# Posts Tagged Tracking

### Region-based tracking

I recently had to revisit some tracking from last year. In the process, I uncovered some other relevant works that were doing region-based tracking by essentially segmenting the image at the same time as registering a 3D object. The formulation is similar to Chan-Vese for image segmentation, however, instead of parameterizing the curve or region directly wiht a level-set, the segmentation is parameterized by the 3D pose parameters of a known 3D object. The pose parameters are then found by a gradient descent.

Surprisingly, the formulation is pretty simple. There are two similar derivations:

1) PWP3D: Real-time segmentation and racking of 3D objects, Prisacariu & Reid

2) S. Dambreville, R. Sandhu, A.Yezzi, and A. Tannenbaum. Robust 3D Pose Estimation and Efficient 2D Region-Based Segmentation from a 3D Shape Prior. In Proc.

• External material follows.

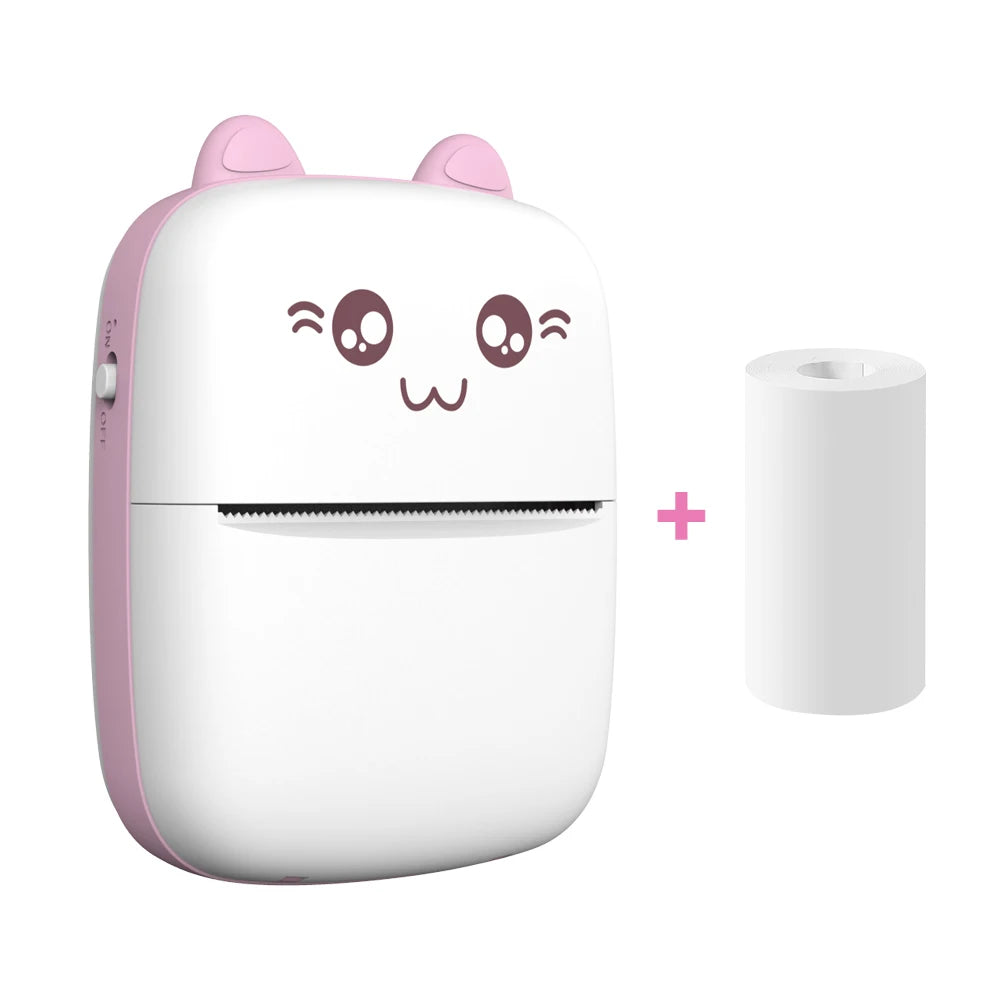 Mini Printer Portable Wireless Bluetooth Sticker Label Photo Memo Thermal Print Study Learn Printer Children Boys Girls Gifts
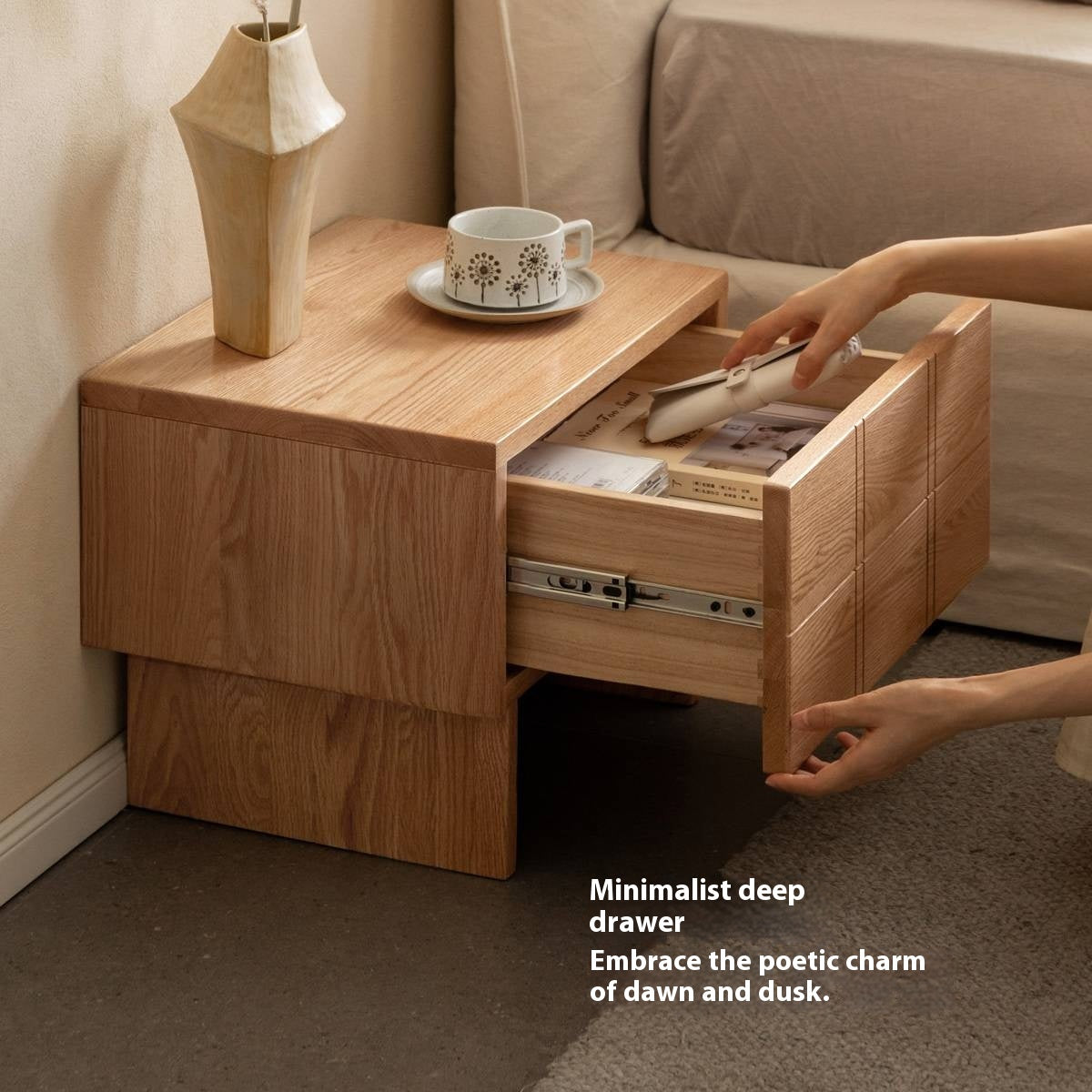 Oak, Black Walnut Solid Wood Wabi Sabi Nightstand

European Conf. on Computer Vision (ECCV), volume 5303, pages 169-182, 2008.

3) There is another one from 2007. Schamltz.

This is similar to aligning a shape to a known silhouette, but in this case the silhouette is estimated at the same time.

The versions are really similar, and I think the gradient in the two versions can be brought into agreement if you use the projected normal as an approximation to the gradient of the signed distance function (you then have to use the fact that = 0). This should actually benefit implementation 1) because you don’t need to compute the signed distance of the projected mesh.

I implemented the version (2), in what took maybe 1 hour late at night, and then a couple more hours of fiddling and testing it the next day. Version 1) claims real-time; my implementation isn’t real-time, but is probably on the order of a frame or 2 a second. The gradient descent seems quite dependent on the step size parameter, which IMO needs to change based on the scene context (size ot object, contrast between foreground and background).

Here are some of the results. In most of the examples, I used a 3D model of a duck. The beginning of the video illustrates that the method can track with a poor starting point. In fact, the geometry is also inaccurate (it comes from shape-from-silhouette, and has some artifacts on the bottom). In spite of this, the tracking is still pretty solid, although it seems more sensitive to rotation (not sure if this is just due to the parameterization).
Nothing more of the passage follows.